Mas Sabrang mengungkapkan kegembiraanya melihat jamaah begitu ramai menghadiri Maiyahan. Hingga usia ke-sebelas ini Bangbang Wetan disebutnya telah ikut andil dalam menjaga keselamatan masa depan anak cucu. Cak Rudd kemudian flash-back bagaimana awal mula Maiyahan di Surabaya. Beliau juga berharap agar forum seperti ini akan tetap berlanjut, “sak kuat-e.” ujarnya.
Setampah tumpeng sudah disiapkan. Sebelum memotong ujung runcingnya sebagai simbolisasi syukur atas momen ulang tahun, jamaah diajak Cak Luthfi dan Mas Hakam untuk membaca lima surat terakhir Al-Qur’an. Sejak siang memang ada beberapa jamaah dan pegiat yang meniatkan diri khataman Al-Qur’an di lokasi. Kyai Muzzammil lalu mengimami doa agar semua niat baik yang dicita-citakan diijabahi oleh Allah.

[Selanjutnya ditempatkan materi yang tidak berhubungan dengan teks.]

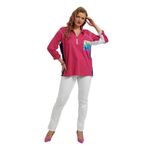Fierte Kadın Büyük Beden Sweatshirt Lm17060 Polo Yaka Uzun Kol FUŞYA 46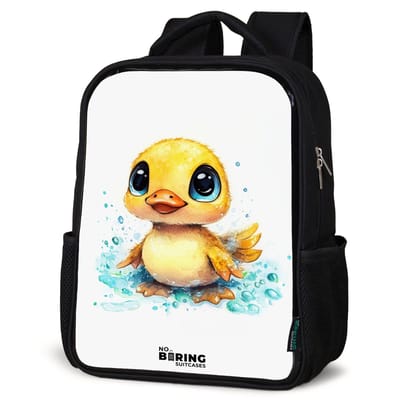 NoBoringSuitcases.com® - Rugzak zwart - Schooltas jongen & meisje - Lief eendje met blauwe ogen en waterspetters - Rugtas voor school - Boekentas kind - Schoolrugzak - Kinderrugzak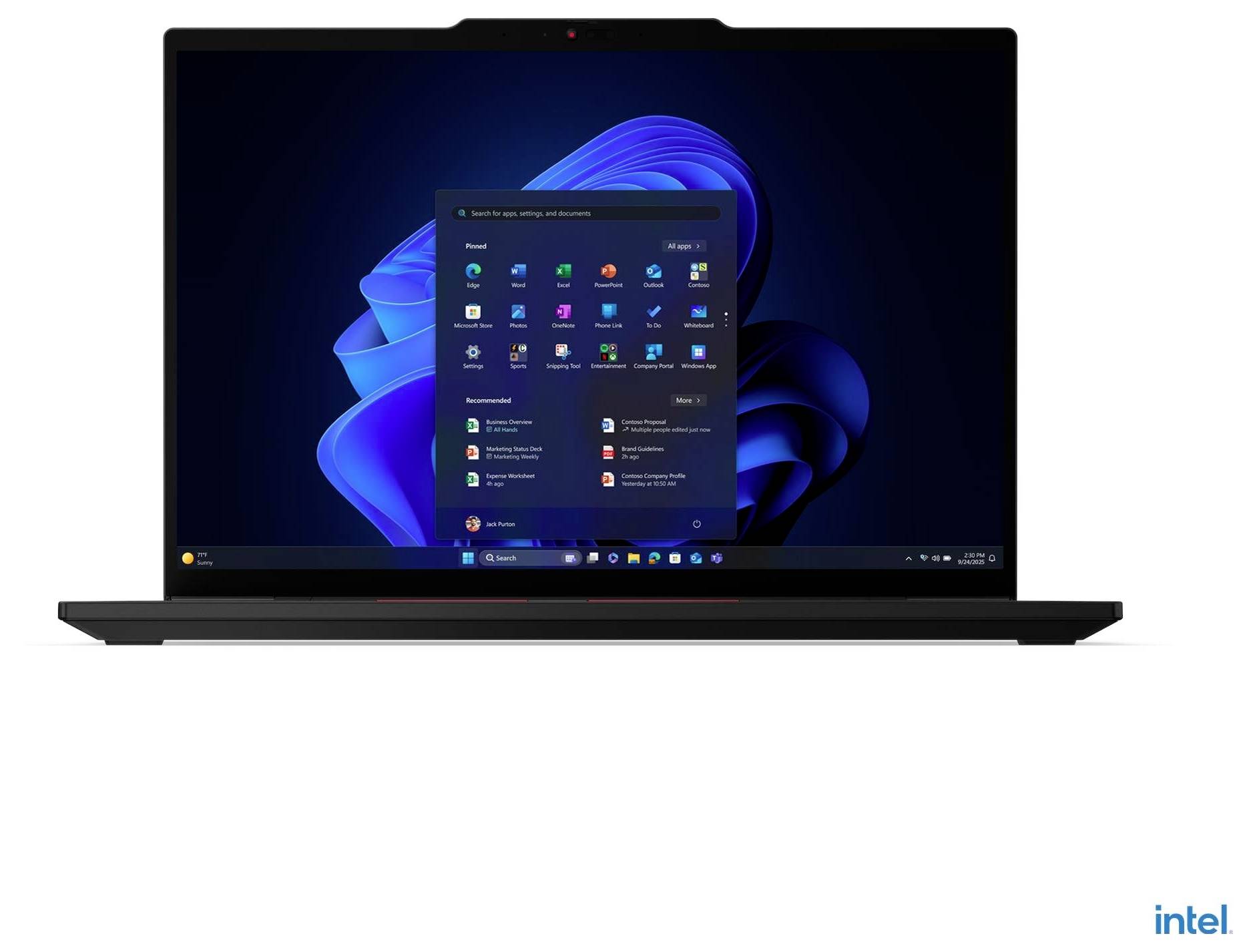 Ein Laptop, der einen Windows-Betriebssystem-Startbildschirm mit App-Symbolen zeigt, vor einem dunklen abstrakten Hintergrund. Intel-Logo unten rechts.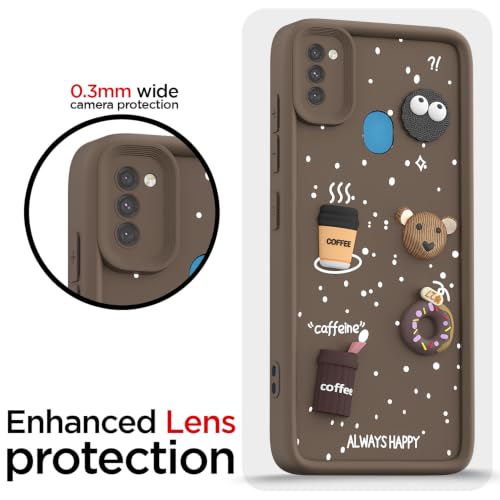Image of Outlouders Back Cover for Samsung Galaxy M11 | 3D Cartoon Bear Cute Fun Silicone Full Body Protection Bumper Case (Brown)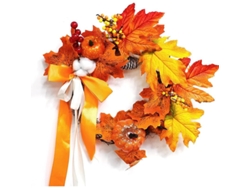 Corona Artificial De Otoño De 35 Cm Con Hojas De Arce Y Calabaza Para Puerta O Pared, Ideal Para Halloween Y Acción De Gracias.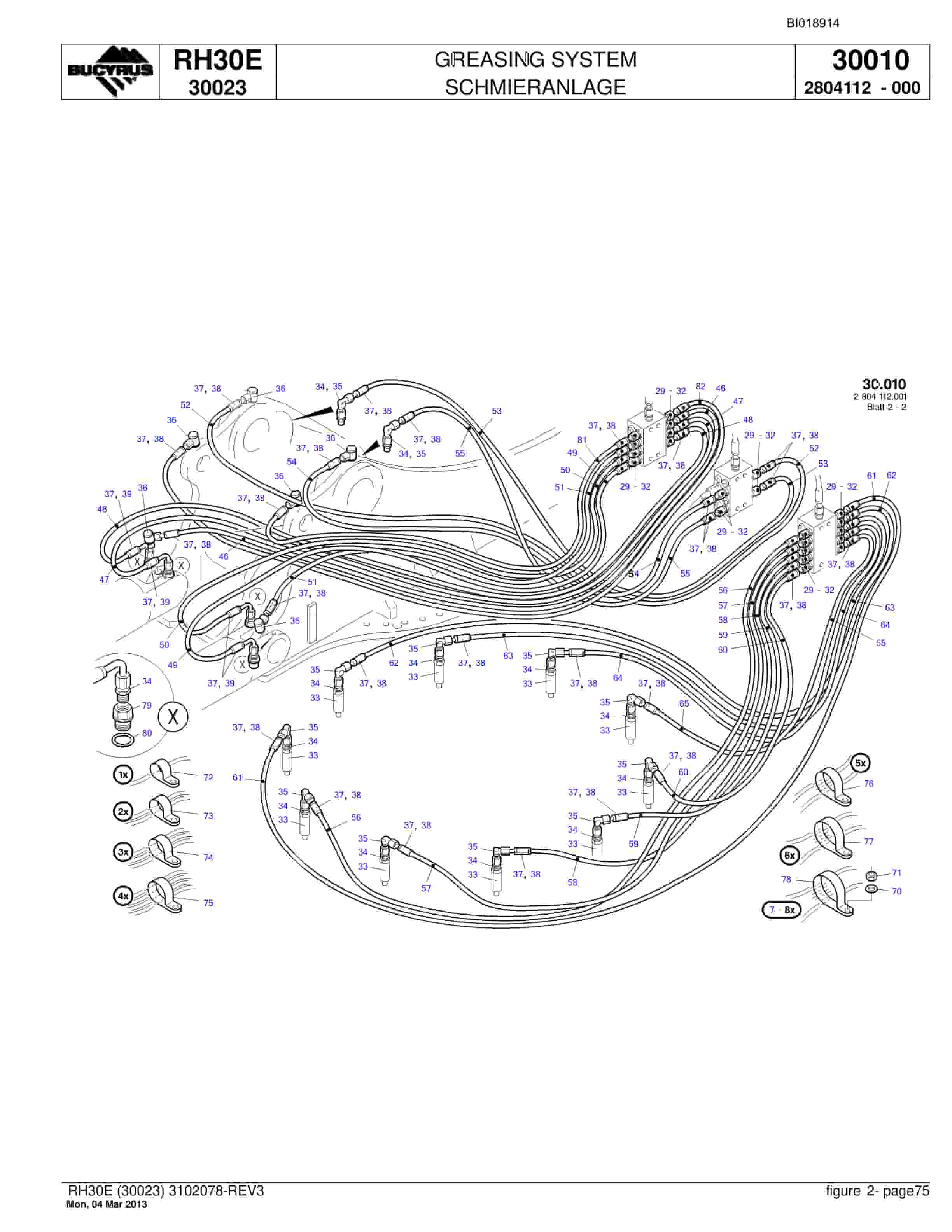 Bucyrus RH30E Hydraulic Excavator Parts Catalog BI018914-3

Nuansa kegembiraan bercampur khusyuk dan syahdu. Jamaah kembali bersholawat saling bersahutan. Seluruh Marja Maiyah: Cak Nun, Cak Fuad, Syaikh Nurshomad Kamba hadir. Mereka duduk sejajar bersama Mas Sabrang dan Kyai Muzzammil. Kiai Kanjeng dan Mbak Novia Kolopaking kemudian menambah lengkap gemerlap panggung. Kemeriahan malam itu tidak sekedar seremonial peringatan tahunan pertambahan usia, melainkan pendalaman pengetahuan di majelis ilmu Maiyahan seperti yang dirutinkan setiap bulannya.
Nggayuh Perubahan
Setelah sesi pemotongan tumpeng, Cak Nun mengantar alur diskusi Maiyahan melalui ayat Udkhulu fis-Silmi Kaffah. Ayat tersebut menggelitik pemikiran beliau sehingga timbul pertanyaan yang juga dilontarkan ke jamaah “Siapakah subyek yang disebut Allah masuk ke surga secara kaffah (bersama) tersebut?”.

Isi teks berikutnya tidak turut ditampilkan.